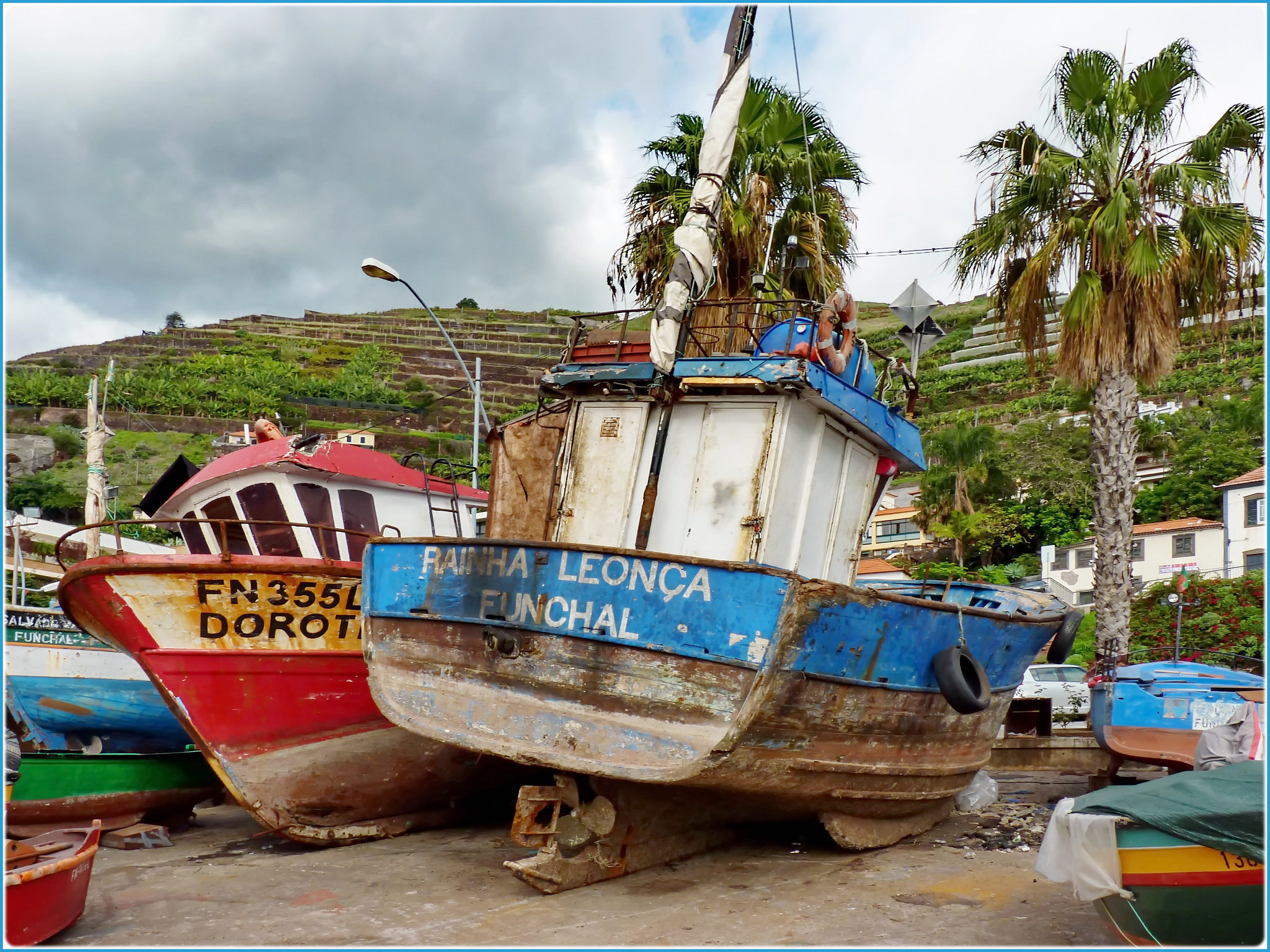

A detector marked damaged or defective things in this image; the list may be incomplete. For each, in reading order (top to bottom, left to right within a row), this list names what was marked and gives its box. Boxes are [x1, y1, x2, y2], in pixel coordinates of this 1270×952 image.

rusty red fishing boat [60, 426, 521, 843]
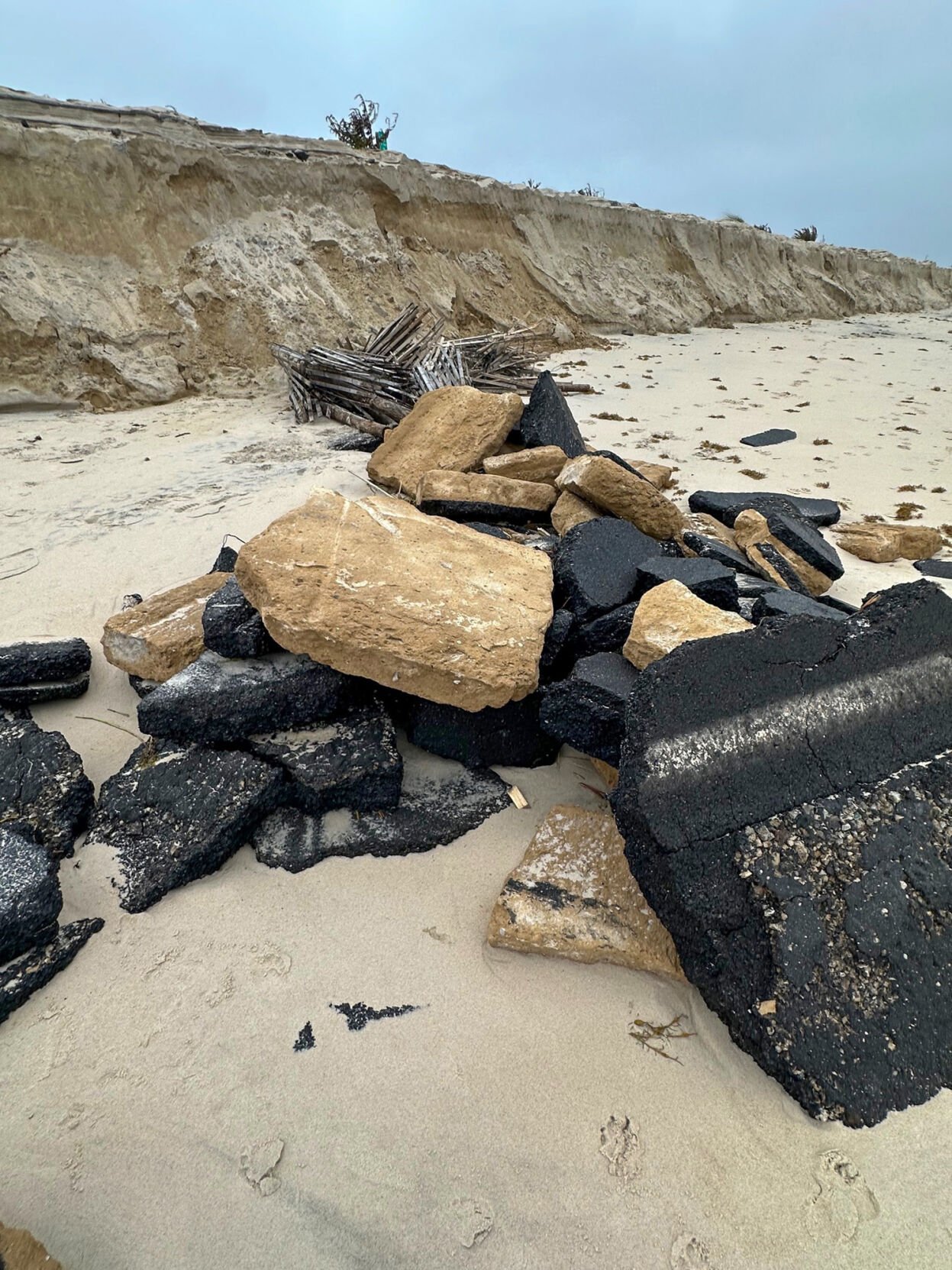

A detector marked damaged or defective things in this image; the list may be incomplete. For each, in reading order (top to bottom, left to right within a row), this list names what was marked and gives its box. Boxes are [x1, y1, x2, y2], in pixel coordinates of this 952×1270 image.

cracked asphalt block [614, 581, 949, 1127]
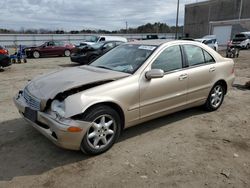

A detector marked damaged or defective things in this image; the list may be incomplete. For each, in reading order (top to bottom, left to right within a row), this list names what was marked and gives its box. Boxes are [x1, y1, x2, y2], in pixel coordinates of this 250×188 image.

damaged front bumper [13, 90, 92, 150]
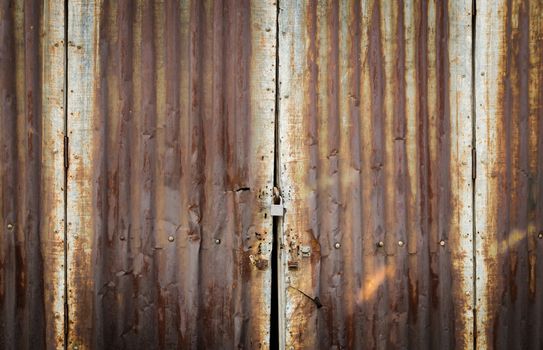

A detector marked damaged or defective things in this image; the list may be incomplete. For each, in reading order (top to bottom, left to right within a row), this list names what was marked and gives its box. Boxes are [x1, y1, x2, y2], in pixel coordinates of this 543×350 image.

What the exercise asks → Extract, verbatim and alone, the lines from the line that contains "this 952×1270 image." to the last line of the records, inclusive; drop any picture.

Written answer →
A detector marked damaged or defective things in this image; the list may be incomplete. For each, in reading order (top to bottom, left to right within a row), this list names what was marked and gives its box. Boxes are [x1, y1, x2, y2], in pixel coordinates of this 952×1270 image.

cracked asphalt block [614, 581, 949, 1127]

A detector marked damaged or defective things in this image; the list may be incomplete. For each, in reading order (top to bottom, left to right within a row), this list names what was marked and gives its box. Boxes are [x1, y1, x2, y2], in pixel coordinates of this 250×188 image.

damaged front bumper [13, 90, 92, 150]

A detector marked damaged or defective things in this image; the list may be incomplete. For each, in reading order (top to bottom, left to right within a row), this list names what was marked and gives its box. Boxes are [x1, y1, x2, y2], in pixel coordinates of this 543×350 image.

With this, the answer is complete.